_EXERCISE_
In the data below, find each line that contains the word "Compatible" and copy it.

_EXERCISE MATERIAL_
>>>>>

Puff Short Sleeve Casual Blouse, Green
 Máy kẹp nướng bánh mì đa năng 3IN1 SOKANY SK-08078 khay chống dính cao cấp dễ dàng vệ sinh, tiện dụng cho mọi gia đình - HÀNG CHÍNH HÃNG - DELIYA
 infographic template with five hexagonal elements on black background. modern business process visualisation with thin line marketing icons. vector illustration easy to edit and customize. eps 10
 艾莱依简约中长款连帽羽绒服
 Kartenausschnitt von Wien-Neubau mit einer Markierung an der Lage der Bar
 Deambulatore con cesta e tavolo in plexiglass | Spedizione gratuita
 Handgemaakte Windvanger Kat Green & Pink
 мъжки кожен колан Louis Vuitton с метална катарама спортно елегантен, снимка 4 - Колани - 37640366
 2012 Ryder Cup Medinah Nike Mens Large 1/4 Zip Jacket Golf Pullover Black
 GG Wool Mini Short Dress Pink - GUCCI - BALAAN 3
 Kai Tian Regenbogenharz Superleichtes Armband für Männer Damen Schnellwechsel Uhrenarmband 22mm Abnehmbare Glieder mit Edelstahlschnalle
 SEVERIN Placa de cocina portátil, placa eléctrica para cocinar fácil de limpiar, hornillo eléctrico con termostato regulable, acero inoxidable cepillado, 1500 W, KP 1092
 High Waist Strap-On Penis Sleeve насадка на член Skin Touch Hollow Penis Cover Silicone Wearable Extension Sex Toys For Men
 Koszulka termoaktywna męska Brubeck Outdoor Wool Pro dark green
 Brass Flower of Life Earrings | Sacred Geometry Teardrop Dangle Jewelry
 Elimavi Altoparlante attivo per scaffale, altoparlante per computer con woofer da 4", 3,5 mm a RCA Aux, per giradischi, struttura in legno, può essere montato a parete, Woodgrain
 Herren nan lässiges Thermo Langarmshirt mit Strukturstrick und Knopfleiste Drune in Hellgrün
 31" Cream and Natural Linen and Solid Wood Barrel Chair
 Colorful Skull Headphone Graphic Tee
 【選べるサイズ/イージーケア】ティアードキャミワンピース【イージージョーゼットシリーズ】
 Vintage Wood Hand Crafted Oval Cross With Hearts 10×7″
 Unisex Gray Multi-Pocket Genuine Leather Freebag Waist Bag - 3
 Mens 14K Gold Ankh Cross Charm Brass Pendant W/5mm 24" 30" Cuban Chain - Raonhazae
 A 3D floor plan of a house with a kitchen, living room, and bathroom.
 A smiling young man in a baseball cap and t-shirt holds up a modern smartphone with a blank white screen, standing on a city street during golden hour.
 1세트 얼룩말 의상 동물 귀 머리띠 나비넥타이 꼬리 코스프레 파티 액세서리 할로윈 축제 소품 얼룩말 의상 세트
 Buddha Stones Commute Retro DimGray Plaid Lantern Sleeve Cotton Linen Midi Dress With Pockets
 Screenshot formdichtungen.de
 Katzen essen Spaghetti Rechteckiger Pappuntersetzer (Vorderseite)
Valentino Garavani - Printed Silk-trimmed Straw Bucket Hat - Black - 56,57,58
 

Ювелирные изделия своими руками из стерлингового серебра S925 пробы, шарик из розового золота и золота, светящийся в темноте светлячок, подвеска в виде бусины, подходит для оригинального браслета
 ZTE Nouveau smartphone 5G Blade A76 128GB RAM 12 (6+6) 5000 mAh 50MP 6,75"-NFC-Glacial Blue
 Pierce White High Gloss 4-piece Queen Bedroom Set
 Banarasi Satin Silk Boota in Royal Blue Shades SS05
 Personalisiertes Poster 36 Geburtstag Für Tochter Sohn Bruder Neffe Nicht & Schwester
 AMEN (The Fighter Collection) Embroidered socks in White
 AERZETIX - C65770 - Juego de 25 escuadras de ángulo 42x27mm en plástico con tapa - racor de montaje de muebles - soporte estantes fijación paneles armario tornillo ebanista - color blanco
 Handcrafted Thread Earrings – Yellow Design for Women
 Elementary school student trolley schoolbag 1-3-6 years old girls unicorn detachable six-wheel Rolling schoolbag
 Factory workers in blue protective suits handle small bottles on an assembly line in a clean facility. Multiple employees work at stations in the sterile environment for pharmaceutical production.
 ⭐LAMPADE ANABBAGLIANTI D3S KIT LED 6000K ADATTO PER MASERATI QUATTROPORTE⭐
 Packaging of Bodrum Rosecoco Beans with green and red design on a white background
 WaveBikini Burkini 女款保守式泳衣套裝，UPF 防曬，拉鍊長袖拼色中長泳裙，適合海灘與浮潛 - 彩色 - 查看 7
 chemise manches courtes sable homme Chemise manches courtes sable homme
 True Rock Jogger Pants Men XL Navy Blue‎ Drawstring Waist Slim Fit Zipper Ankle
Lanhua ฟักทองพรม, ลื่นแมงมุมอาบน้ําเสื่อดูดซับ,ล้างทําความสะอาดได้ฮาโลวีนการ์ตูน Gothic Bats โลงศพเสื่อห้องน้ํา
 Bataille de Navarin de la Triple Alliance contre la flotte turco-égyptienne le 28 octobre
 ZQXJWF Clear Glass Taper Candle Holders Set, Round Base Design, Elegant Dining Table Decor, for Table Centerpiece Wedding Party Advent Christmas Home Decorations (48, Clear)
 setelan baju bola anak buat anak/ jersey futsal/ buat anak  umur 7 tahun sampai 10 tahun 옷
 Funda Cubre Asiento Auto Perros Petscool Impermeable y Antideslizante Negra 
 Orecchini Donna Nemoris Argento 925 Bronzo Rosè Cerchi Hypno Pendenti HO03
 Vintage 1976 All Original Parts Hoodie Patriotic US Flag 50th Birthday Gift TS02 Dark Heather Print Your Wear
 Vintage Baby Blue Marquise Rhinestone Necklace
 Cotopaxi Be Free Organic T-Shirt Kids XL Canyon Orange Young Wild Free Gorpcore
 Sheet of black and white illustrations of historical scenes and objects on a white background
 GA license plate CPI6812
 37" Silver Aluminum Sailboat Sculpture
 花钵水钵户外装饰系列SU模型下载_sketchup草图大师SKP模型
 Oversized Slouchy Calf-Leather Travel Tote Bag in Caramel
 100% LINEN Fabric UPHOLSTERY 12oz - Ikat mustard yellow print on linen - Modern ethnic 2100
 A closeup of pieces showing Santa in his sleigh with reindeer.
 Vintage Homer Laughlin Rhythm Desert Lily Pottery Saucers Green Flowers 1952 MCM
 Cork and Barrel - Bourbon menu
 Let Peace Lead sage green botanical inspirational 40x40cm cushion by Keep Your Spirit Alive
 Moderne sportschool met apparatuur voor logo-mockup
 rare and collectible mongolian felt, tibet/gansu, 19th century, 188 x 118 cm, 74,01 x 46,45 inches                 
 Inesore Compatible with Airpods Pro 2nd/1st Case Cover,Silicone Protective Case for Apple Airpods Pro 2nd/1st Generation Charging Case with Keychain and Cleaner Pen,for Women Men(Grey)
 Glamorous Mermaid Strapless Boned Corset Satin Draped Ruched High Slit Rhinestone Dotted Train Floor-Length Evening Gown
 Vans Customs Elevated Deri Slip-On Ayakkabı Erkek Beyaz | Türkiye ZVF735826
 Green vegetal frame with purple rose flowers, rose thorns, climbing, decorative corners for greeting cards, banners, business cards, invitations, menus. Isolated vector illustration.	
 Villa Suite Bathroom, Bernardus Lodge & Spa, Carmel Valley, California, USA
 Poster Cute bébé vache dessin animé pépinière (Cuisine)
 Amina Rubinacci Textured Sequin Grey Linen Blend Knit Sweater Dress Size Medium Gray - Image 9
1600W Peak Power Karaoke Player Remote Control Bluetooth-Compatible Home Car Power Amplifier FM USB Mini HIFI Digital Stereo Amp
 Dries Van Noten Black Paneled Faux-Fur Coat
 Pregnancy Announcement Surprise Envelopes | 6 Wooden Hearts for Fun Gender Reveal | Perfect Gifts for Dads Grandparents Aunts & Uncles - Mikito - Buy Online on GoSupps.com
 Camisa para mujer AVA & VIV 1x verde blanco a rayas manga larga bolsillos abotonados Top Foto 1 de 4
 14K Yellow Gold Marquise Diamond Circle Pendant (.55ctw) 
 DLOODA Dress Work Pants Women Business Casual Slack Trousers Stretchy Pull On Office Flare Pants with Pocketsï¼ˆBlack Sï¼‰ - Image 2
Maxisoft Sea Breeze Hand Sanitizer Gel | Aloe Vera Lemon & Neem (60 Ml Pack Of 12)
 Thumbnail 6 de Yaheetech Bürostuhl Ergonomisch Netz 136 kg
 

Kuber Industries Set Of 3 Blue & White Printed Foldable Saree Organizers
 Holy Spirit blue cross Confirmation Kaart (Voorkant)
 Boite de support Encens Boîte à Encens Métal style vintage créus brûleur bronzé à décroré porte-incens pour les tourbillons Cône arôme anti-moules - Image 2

<<<<<

_YOUR RESPONSE_
 Inesore Compatible with Airpods Pro 2nd/1st Case Cover,Silicone Protective Case for Apple Airpods Pro 2nd/1st Generation Charging Case with Keychain and Cleaner Pen,for Women Men(Grey)
1600W Peak Power Karaoke Player Remote Control Bluetooth-Compatible Home Car Power Amplifier FM USB Mini HIFI Digital Stereo Amp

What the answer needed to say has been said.